A relação desses ataques é ainda mais extensa e também inclui: a) atropelo ao princípio da duração razoável de procedimentos, diante da constatação de inquéritos que duram vários meses e até anos sem justificativa plausível; b) violação ao princípio da ampla defesa, em que vemos advogados sem acesso às provas já produzidas contra seus clientes; c) usurpação das prerrogativas do Ministério Público que tem a titularidade exclusiva para denunciar ou arquivar inquérito policial; d) atropelo das regras de competência, inaugurando-se uma espécie de “competência seletiva” por escolha do julgador, levando, assim, a um esvaziamento do princípio do juiz natural e da imparcialidade.

Temos ainda, e) violação à regra de que não há responsabilidade penal presumida, sem apoio em evidências de autoria e sem uma clara individualização da conduta do acusado; f) desrespeito ao princípio do contraditório, visto na fixação de prazos extremamente exíguos – muitos, de apenas 24h – para que o Ministério Público ou advogados se manifestem, como em casos de buscas e apreensões ou prisões preventivas alvejando dezenas de pessoas; g) fim da regra da preclusão que veda o reexame de matérias meramente irregulares ou relativamente nulas e já superadas no processo; h) adoção do poder geral de cautela que a doutrina diz ser vedado na esfera criminal, de modo que qualquer medida que restrinja liberdades (da liberdade de ir e vir até a de dispor dos seus próprios bens) no curso de um procedimento de investigação ou julgamento penal somente pode ser determinada havendo expressa previsão em lei.

Essa relação é meramente ilustrativa e há mais casos que despertam preocupação diante do que está em curso no país.
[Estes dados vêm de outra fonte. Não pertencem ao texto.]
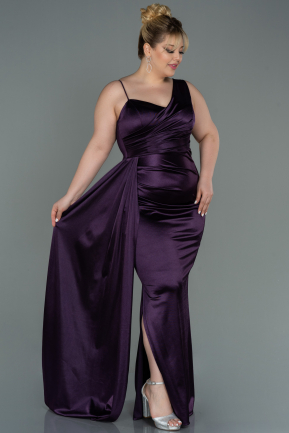 Purple Long Plus Size Evening Dress ABU2932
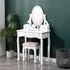 Makeup Vanity Desk Set with LED Lighting - White, MDF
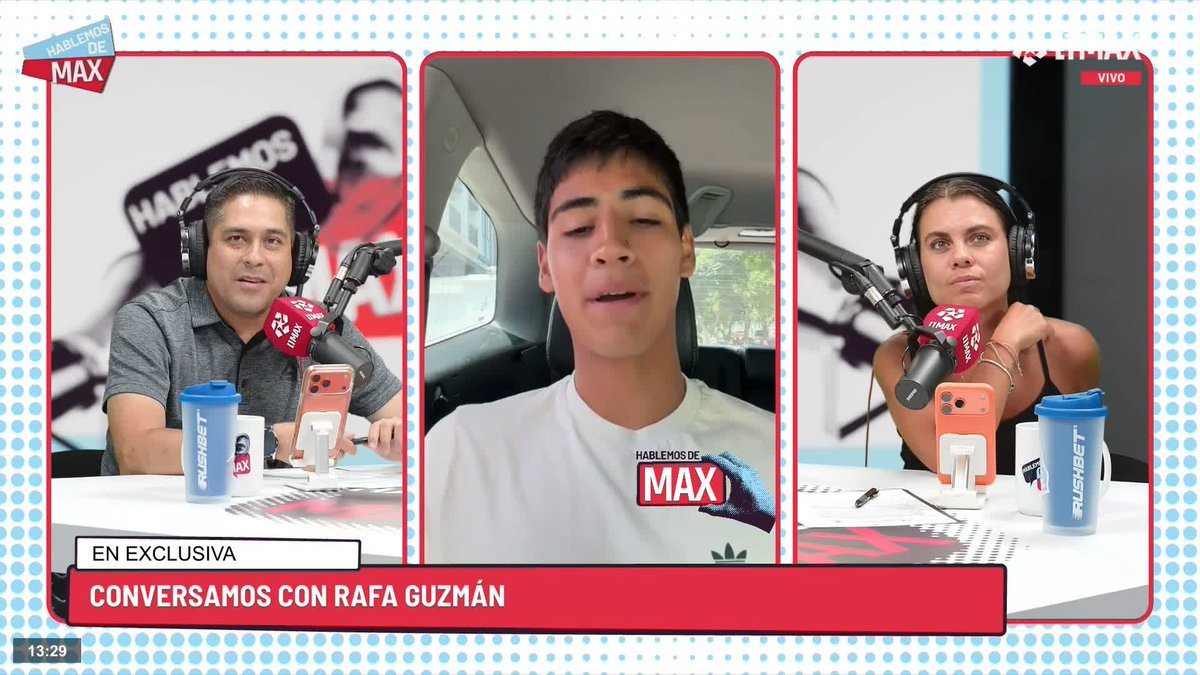✅ EN VIVO RAFAEL GUZMÁN EN HDM 🔥 "Me felicitó (Aldo Corzo), me mandaron las mejores vibras. Mi sueño era jugar en la U, estoy seguro que lo haré en el momento indicado" #HablemosDeMAX Ingresa al programa 👉🏽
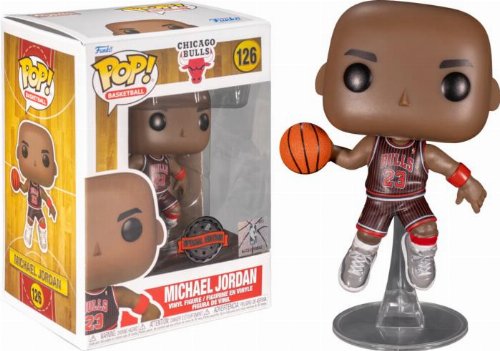 Figure Funko POP! NBA: Chicago Bulls - Michael
Jordan (Pinstripe Jersey) #126 (Exclusive)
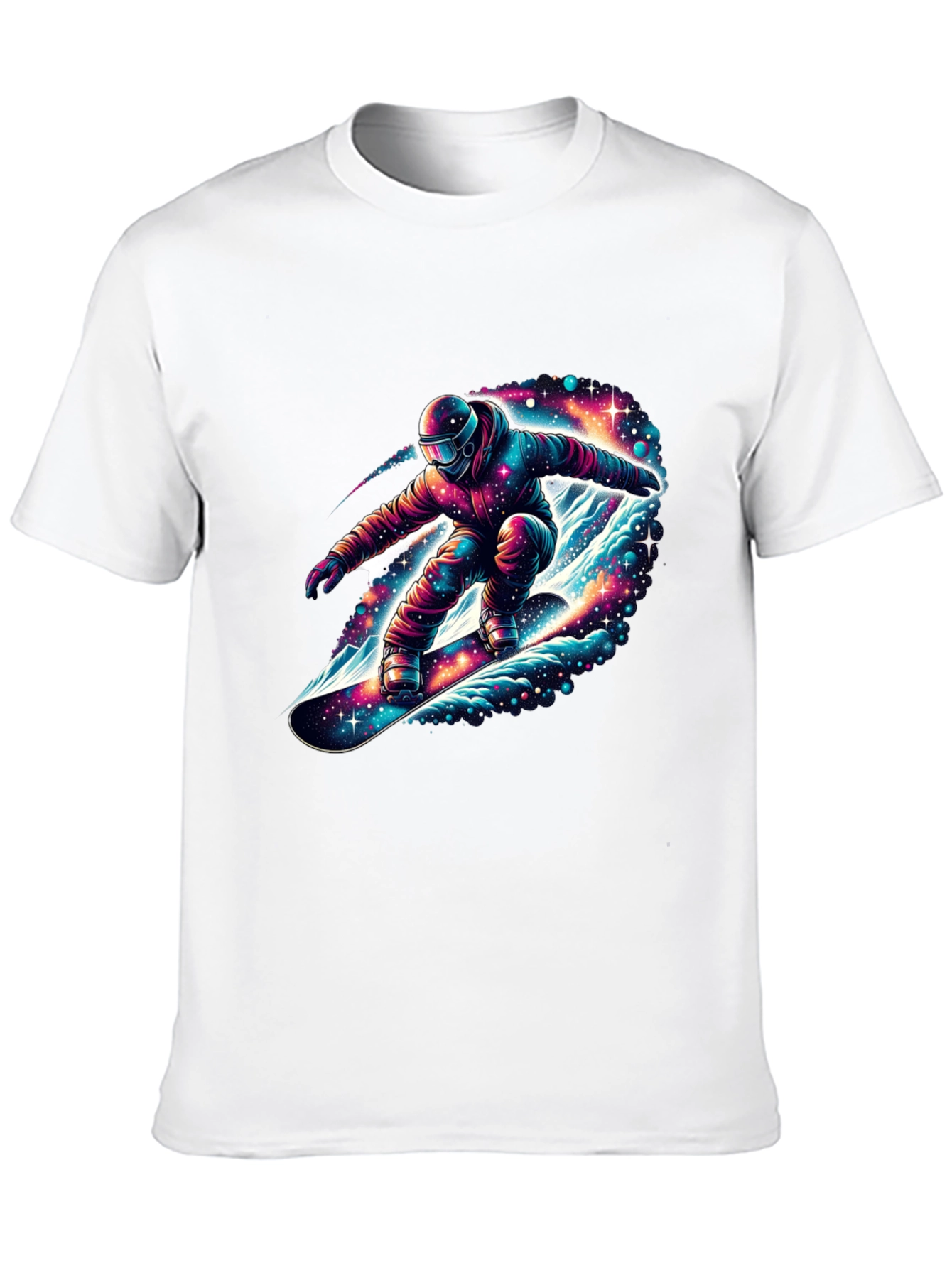 Cosmic Snowboarder Black T-Shirt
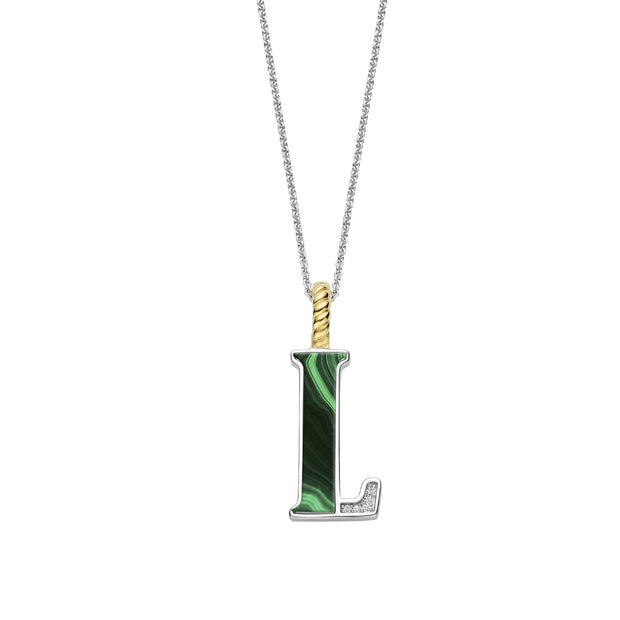 Ti Sento Silver Letter L  Necklace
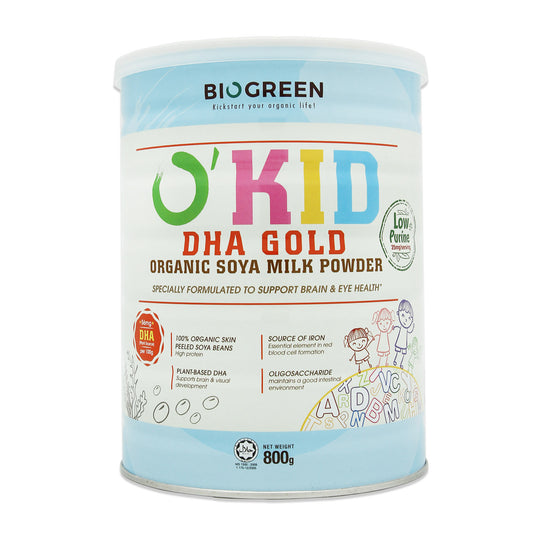 BioGreen Organic Soya Milk Powder (DHA) 800g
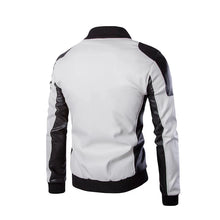 Load image into Gallery viewer, Top Quality Fashion Men White Leather Jackets Pu Match Color Overcoat M-5XL AYG94
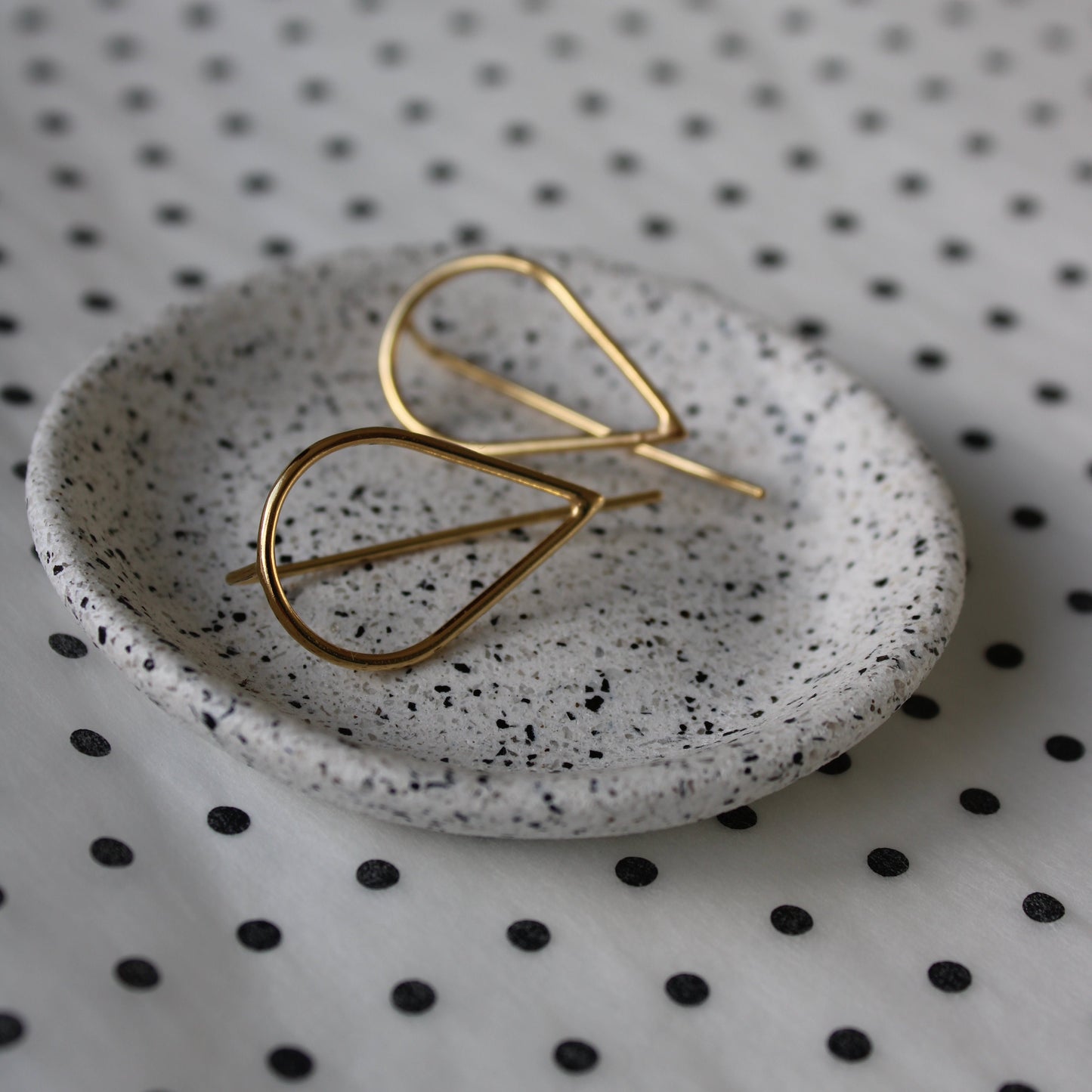 Teardrop Threaders -Gold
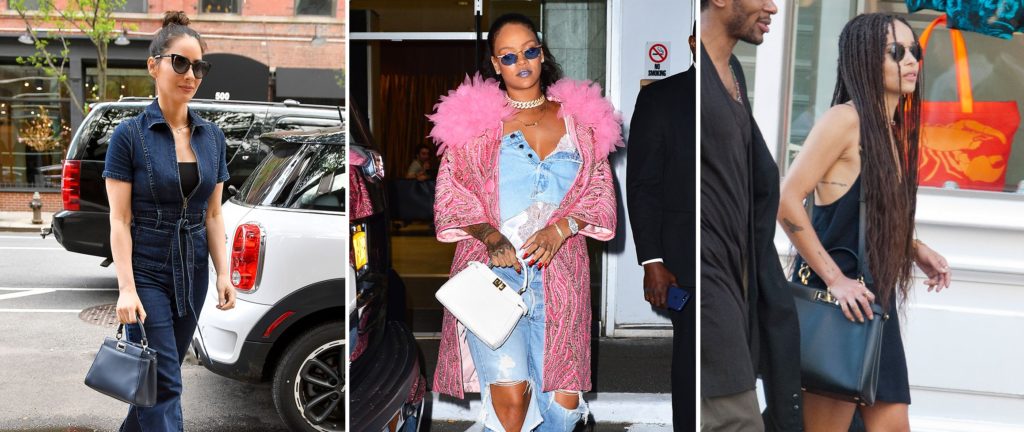 Celebrities With Fendi Peekaboo Bags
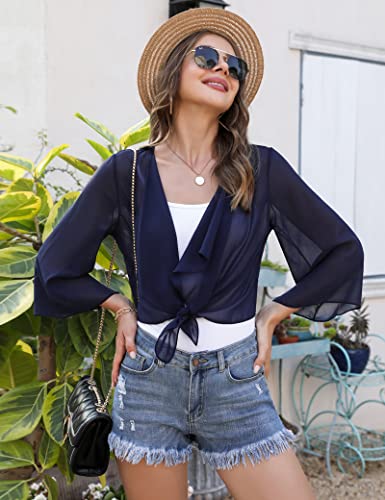 Chiffon Bolero Cardigans 3/4 Sleeve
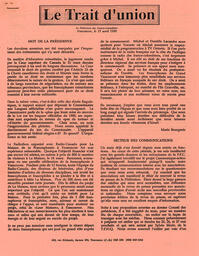   LE TRAIT D'UNION, 190   , page 1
Enquanto na maioria dos países ocidentais as Cortes Superiores cumprem uma função estabilizadora do Direito, no Brasil, ao contrário, são frequentes decisões judiciais esdrúxulas e casuísticas, em atropelo a precedentes das próprias Cortes e inovações processuais que passam ao largo da lei e de uma racionalidade que as justifiquem.

Todos esses ataques estão minando o principal parâmetro que forjou o Direito ao longo de séculos: o senso de proporção. Não sem razão, a imagem popular mais associada ao Direito é uma balança em equilíbrio presente em uma das mãos das deusas da Justiça da Antiguidade Clássica, com um destaque menor para a espada na outra mão. Mas a nossa deusa da Justiça, obra do artista Alfredo Ceschiatti (1918-1989) que orna a frente do STF, tem apenas a espada sobre o colo, estando ausente a figura da balança.

Alguns membros dos nossos tribunais superiores são cada vez mais pródigos em produzir um Direito desprovido de qualquer senso de proporção ou equilíbrio. Frequentemente, é mera demonstração voluntariosa de força. Então, podemos indagar: a escultura colocada diante do STF seria um prenúncio das distorções do Direito que hoje assistimos no país?

 

 

 

 

Por Denise Albano é mestre e doutora em Direito e professora de Direito na UFS.